Work instruction — Reproduce the opening lines of the records exactly, up to and including the line in which "Psathyrella melanthina" occurs.

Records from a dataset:
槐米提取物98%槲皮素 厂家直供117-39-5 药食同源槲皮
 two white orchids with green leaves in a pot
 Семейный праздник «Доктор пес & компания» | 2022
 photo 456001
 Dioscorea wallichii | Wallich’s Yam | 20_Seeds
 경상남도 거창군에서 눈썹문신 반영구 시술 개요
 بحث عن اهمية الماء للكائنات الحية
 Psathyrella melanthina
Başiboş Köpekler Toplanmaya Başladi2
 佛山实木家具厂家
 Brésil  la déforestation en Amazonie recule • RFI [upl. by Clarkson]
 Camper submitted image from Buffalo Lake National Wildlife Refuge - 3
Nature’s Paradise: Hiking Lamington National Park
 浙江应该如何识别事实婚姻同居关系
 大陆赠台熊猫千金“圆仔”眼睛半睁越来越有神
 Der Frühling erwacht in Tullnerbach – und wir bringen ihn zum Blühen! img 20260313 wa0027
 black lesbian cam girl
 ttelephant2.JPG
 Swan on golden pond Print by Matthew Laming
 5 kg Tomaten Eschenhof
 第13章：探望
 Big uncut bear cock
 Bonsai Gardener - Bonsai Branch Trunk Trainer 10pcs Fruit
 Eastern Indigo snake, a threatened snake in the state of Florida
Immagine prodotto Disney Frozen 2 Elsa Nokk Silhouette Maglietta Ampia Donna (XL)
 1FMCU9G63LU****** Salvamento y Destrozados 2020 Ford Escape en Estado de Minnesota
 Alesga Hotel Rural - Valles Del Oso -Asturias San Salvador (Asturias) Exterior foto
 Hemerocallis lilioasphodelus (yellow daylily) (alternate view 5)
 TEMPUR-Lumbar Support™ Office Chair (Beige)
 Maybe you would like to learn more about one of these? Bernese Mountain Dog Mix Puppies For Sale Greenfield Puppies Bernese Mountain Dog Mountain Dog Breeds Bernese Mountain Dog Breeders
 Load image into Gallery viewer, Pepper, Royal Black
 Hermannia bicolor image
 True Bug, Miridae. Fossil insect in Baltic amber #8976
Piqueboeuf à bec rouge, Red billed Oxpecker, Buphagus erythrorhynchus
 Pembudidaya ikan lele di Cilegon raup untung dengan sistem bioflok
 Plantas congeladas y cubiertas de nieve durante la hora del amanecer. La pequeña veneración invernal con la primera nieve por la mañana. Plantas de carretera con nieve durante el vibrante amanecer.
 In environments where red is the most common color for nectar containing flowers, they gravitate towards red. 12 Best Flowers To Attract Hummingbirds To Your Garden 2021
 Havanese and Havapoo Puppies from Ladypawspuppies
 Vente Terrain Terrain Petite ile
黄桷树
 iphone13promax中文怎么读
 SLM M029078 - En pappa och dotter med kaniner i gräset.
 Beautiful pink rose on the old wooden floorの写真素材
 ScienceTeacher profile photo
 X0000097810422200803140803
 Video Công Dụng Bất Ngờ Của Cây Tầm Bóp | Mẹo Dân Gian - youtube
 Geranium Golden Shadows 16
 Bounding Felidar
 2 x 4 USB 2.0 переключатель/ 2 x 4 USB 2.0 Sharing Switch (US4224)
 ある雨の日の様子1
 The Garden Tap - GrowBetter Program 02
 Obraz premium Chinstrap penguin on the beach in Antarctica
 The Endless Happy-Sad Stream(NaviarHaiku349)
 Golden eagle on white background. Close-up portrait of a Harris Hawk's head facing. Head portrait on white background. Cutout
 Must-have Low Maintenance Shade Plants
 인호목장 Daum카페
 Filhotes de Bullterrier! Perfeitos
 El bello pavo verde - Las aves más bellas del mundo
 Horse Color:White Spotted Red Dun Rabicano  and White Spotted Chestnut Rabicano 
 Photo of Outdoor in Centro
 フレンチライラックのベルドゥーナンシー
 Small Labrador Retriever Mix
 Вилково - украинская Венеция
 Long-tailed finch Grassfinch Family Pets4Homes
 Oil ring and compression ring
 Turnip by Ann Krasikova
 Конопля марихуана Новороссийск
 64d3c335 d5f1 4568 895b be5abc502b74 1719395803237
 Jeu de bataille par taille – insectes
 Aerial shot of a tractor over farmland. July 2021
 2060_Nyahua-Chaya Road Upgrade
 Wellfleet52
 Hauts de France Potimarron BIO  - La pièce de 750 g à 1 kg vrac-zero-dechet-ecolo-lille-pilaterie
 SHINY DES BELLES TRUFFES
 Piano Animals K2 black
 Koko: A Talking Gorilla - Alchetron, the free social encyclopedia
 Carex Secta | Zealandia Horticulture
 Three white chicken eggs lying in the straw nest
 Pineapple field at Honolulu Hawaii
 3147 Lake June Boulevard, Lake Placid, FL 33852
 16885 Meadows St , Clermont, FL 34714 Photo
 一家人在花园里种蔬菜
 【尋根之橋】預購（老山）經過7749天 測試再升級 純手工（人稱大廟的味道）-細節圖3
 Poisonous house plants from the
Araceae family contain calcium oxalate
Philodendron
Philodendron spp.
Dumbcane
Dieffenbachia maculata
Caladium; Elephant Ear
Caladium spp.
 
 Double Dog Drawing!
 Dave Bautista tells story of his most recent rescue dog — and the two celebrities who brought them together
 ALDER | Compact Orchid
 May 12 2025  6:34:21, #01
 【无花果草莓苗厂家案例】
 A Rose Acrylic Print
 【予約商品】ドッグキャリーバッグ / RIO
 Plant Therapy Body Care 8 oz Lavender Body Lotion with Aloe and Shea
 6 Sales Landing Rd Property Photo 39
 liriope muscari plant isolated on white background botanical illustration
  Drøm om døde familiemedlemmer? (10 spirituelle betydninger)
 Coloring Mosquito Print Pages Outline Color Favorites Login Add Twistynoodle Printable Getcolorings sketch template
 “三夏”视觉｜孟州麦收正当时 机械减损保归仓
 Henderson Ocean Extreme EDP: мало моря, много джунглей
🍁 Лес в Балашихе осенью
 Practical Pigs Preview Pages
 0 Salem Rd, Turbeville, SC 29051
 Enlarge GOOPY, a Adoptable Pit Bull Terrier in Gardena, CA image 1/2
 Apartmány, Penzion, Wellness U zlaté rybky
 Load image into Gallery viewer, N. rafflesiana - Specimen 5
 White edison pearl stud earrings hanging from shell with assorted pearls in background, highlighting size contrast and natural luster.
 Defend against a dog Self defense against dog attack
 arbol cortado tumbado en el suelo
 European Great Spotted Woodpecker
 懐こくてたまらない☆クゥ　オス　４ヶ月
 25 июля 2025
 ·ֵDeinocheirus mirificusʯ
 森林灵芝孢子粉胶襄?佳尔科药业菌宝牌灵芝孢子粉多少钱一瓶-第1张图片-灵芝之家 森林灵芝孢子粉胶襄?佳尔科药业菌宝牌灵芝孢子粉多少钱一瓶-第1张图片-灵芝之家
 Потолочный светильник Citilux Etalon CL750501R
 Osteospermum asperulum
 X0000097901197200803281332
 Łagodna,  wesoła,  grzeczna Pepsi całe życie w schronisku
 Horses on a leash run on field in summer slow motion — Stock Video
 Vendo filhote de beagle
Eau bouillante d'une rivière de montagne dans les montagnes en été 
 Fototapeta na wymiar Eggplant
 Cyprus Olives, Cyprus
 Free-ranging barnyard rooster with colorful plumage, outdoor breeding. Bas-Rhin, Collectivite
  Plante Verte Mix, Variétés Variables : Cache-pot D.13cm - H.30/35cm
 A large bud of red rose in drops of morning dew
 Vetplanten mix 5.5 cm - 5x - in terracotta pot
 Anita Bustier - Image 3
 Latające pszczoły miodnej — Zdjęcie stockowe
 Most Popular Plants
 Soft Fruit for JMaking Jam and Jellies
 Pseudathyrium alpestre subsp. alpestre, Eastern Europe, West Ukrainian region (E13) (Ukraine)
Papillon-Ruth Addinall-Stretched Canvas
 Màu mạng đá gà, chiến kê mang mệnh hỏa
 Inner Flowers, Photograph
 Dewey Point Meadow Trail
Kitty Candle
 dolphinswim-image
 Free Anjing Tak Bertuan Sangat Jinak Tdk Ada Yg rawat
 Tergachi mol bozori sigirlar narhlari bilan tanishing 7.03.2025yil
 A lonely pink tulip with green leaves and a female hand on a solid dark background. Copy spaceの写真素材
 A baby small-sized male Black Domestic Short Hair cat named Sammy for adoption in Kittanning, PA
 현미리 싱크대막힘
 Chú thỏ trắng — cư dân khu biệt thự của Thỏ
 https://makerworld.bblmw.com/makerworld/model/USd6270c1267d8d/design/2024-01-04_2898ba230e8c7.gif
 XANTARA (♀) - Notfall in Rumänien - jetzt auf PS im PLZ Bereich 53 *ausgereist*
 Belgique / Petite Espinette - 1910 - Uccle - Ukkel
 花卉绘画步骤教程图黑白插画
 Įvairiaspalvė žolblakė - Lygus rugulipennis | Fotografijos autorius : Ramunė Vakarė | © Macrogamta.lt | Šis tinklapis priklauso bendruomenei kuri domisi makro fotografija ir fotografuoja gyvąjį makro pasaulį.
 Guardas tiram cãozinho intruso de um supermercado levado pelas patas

Response —
槐米提取物98%槲皮素 厂家直供117-39-5 药食同源槲皮
 two white orchids with green leaves in a pot
 Семейный праздник «Доктор пес & компания» | 2022
 photo 456001
 Dioscorea wallichii | Wallich’s Yam | 20_Seeds
 경상남도 거창군에서 눈썹문신 반영구 시술 개요
 بحث عن اهمية الماء للكائنات الحية
 Psathyrella melanthina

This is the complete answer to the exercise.